● Problem statement: With the pictures left out, print exactly the lines below that run from the one containing "Blanc arcona Utilisé" through the one containing "JH4UA2652TC019518 - 1996".

● Supplied entries:

%%

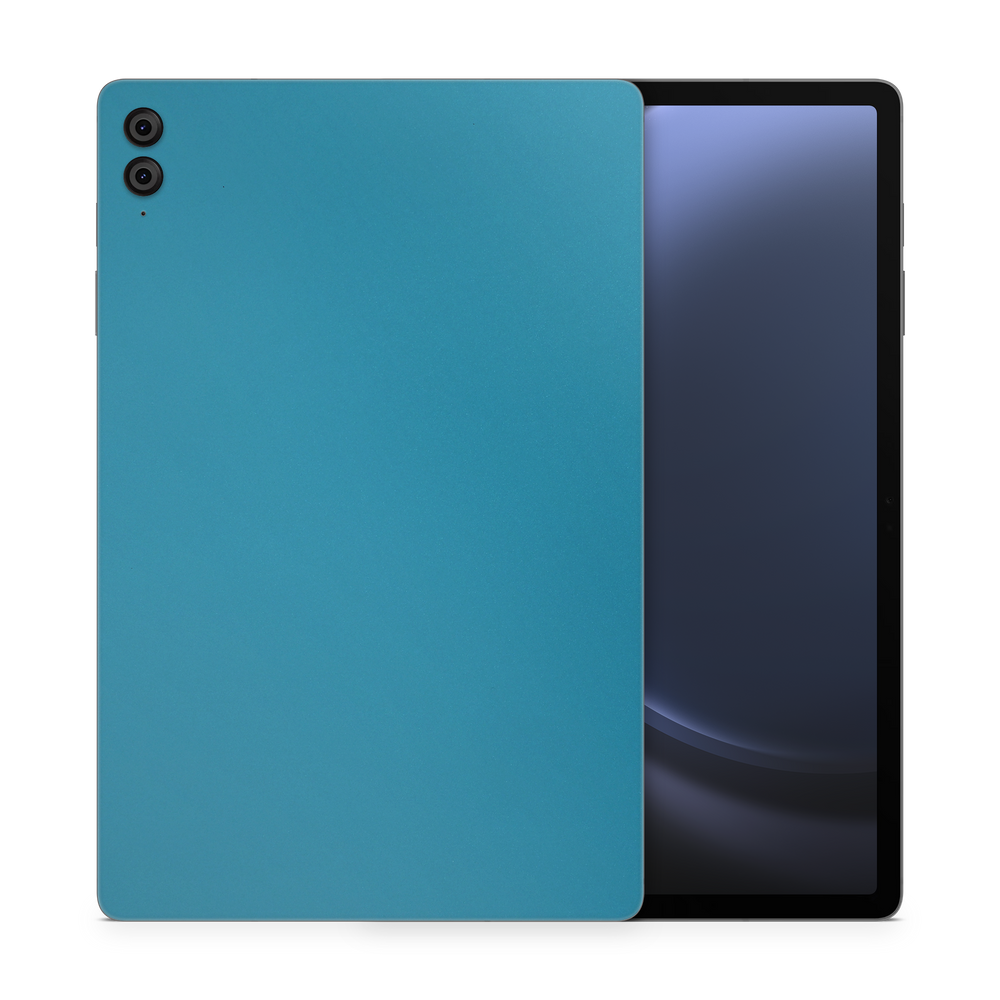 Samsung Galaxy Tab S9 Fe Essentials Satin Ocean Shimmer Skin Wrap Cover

%%
%%

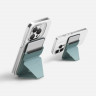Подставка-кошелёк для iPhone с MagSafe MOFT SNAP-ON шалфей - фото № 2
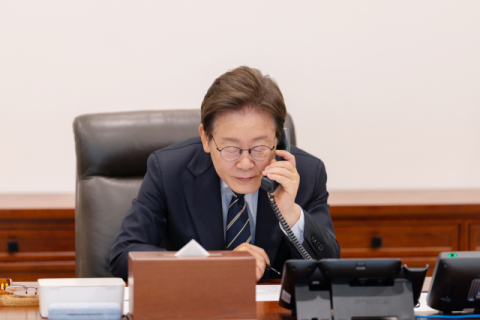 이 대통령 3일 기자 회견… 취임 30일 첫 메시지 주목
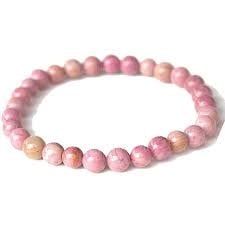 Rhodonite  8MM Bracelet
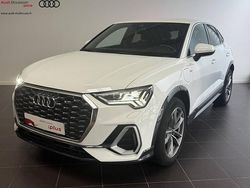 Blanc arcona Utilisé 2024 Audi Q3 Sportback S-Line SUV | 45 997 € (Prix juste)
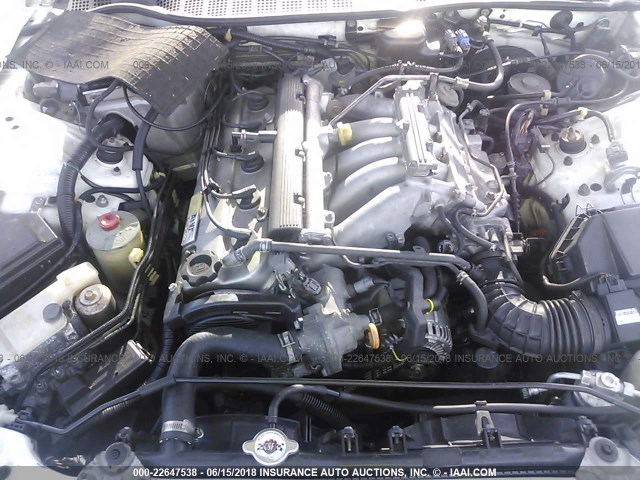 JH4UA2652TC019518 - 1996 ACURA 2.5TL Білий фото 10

%%
%%

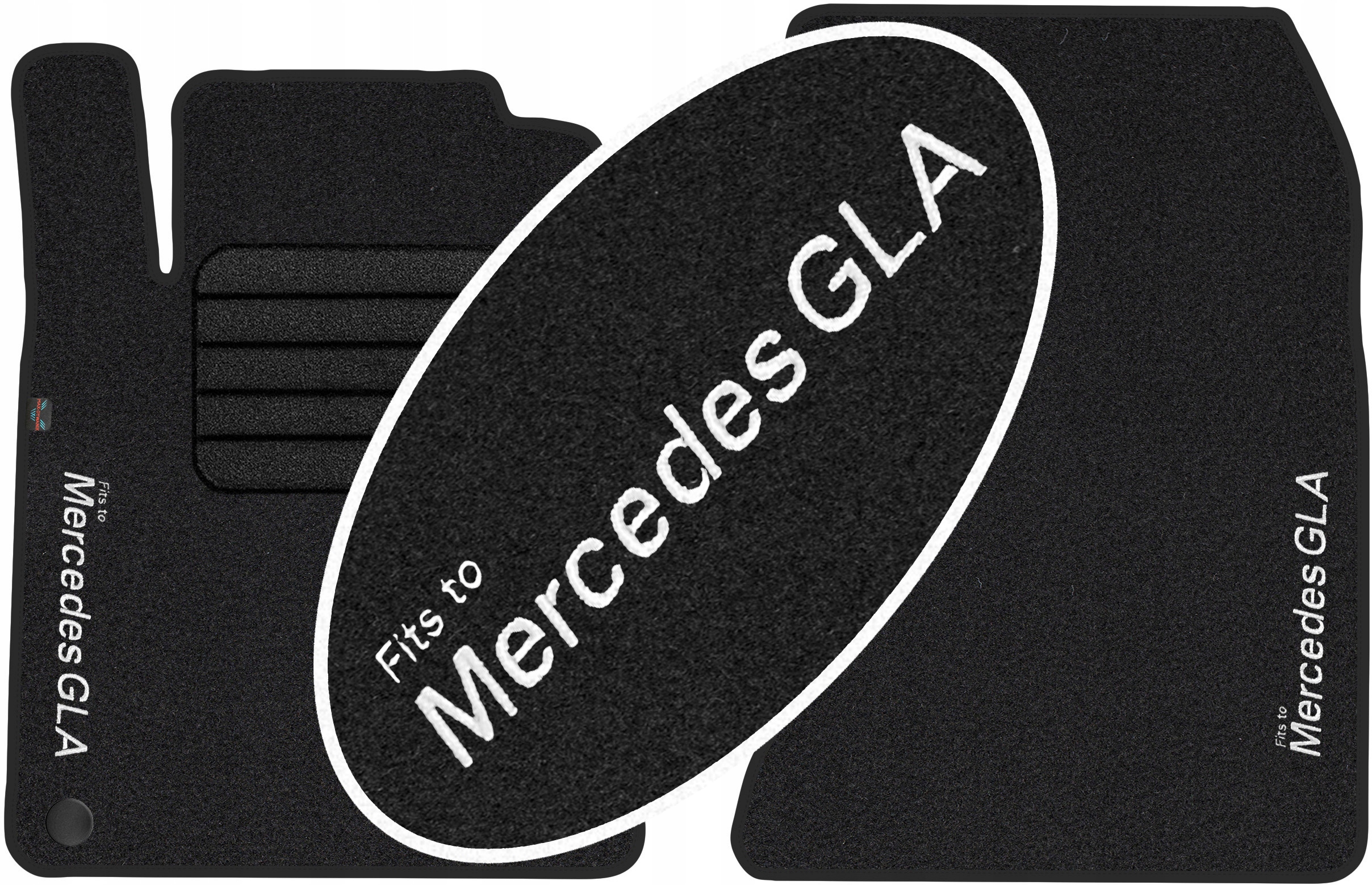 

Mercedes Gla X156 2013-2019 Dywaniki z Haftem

%%

● Your solution:
 Blanc arcona Utilisé 2024 Audi Q3 Sportback S-Line SUV | 45 997 € (Prix juste)
 JH4UA2652TC019518 - 1996 ACURA 2.5TL Білий фото 10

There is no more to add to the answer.